Extracted records:
/---
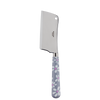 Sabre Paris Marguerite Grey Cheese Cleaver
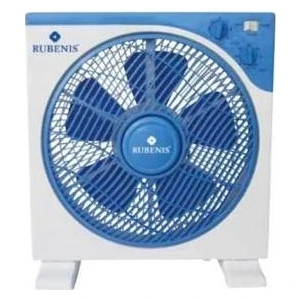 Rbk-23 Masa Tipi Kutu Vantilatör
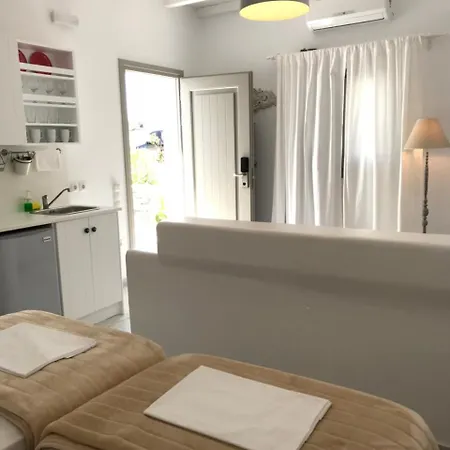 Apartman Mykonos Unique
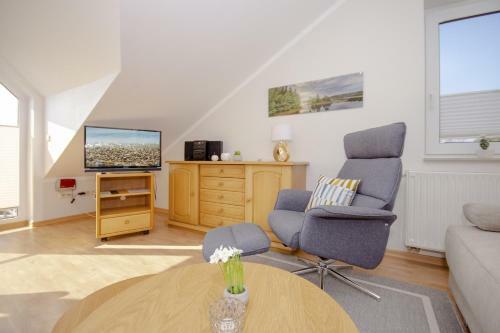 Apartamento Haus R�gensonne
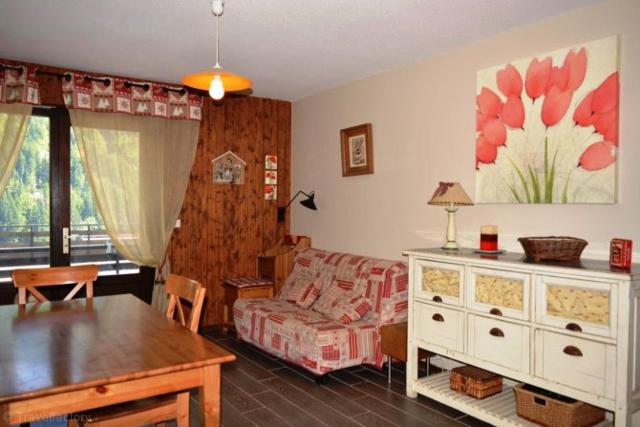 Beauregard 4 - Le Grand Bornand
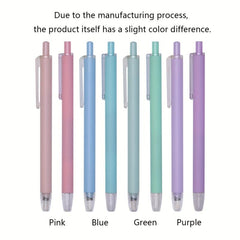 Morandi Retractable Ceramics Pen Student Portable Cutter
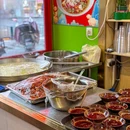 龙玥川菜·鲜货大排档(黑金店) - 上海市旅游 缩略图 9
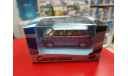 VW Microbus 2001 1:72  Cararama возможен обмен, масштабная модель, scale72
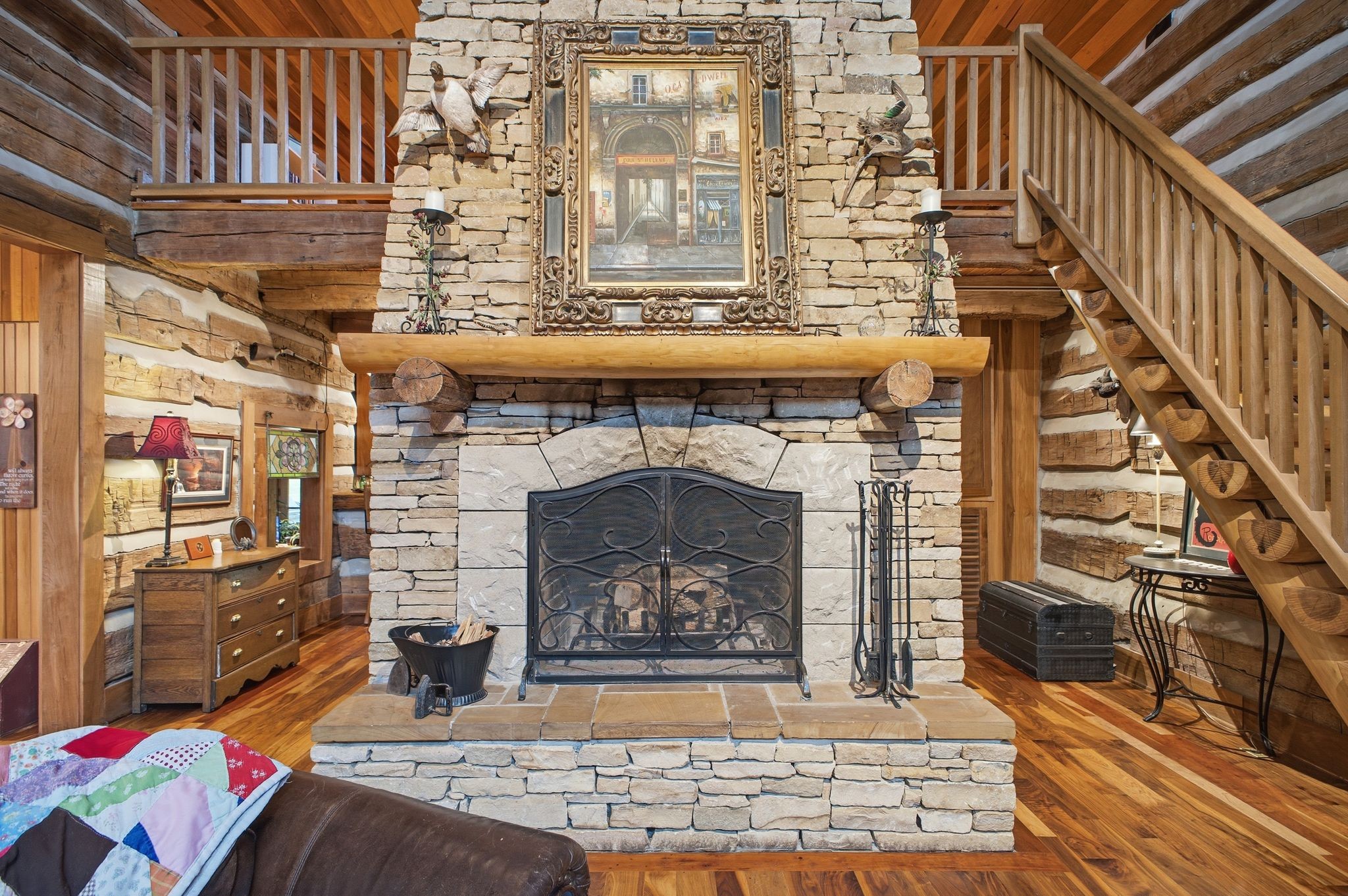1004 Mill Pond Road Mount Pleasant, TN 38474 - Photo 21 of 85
\---
/---
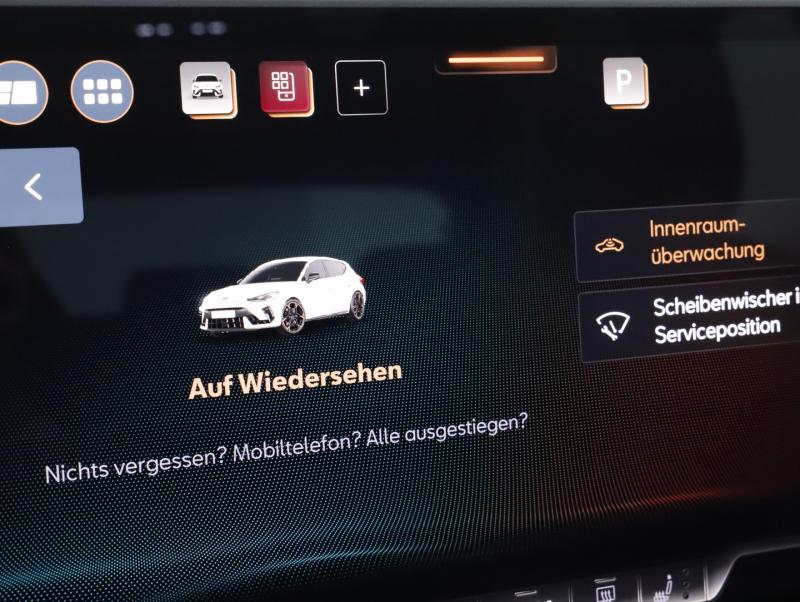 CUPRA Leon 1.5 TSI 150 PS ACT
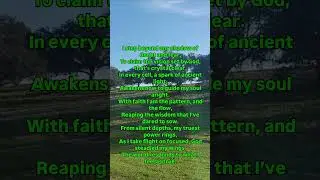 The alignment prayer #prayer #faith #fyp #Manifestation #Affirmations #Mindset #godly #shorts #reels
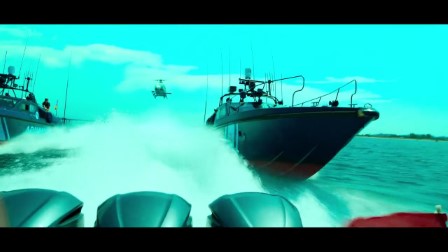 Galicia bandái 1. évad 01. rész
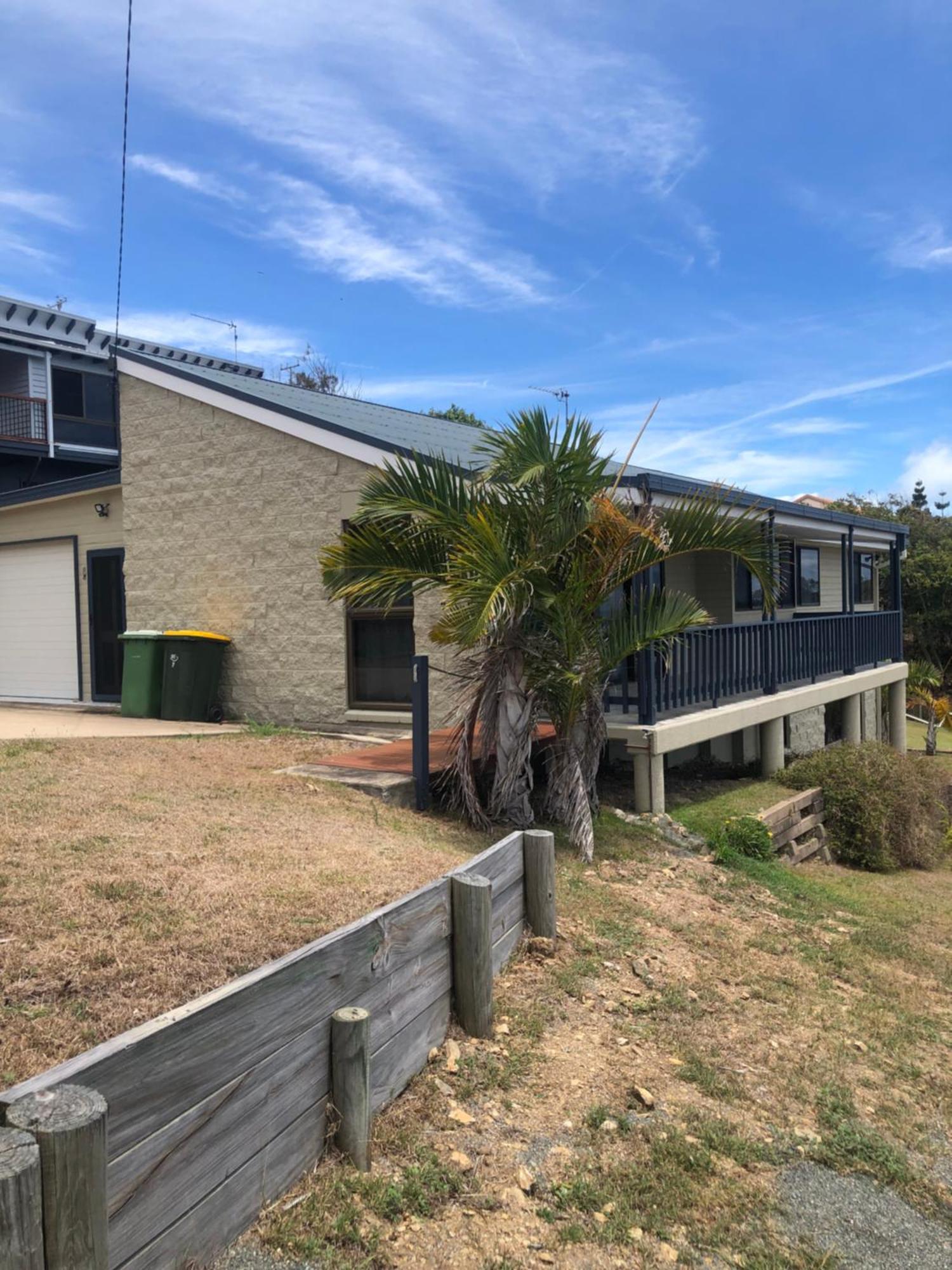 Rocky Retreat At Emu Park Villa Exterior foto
\---
Exercise goal: Using the material above, reproduce only the lines that run from the line with "Apartman Mykonos Unique" up to and including the line with "1004 Mill Pond", exactly, with the pictures dropped.

Problem solution:
 Apartman Mykonos Unique
 Apartamento Haus R�gensonne
 Beauregard 4 - Le Grand Bornand
 Morandi Retractable Ceramics Pen Student Portable Cutter
 龙玥川菜·鲜货大排档(黑金店) - 上海市旅游 缩略图 9
 VW Microbus 2001 1:72  Cararama возможен обмен, масштабная модель, scale72
1004 Mill Pond Road Mount Pleasant, TN 38474 - Photo 21 of 85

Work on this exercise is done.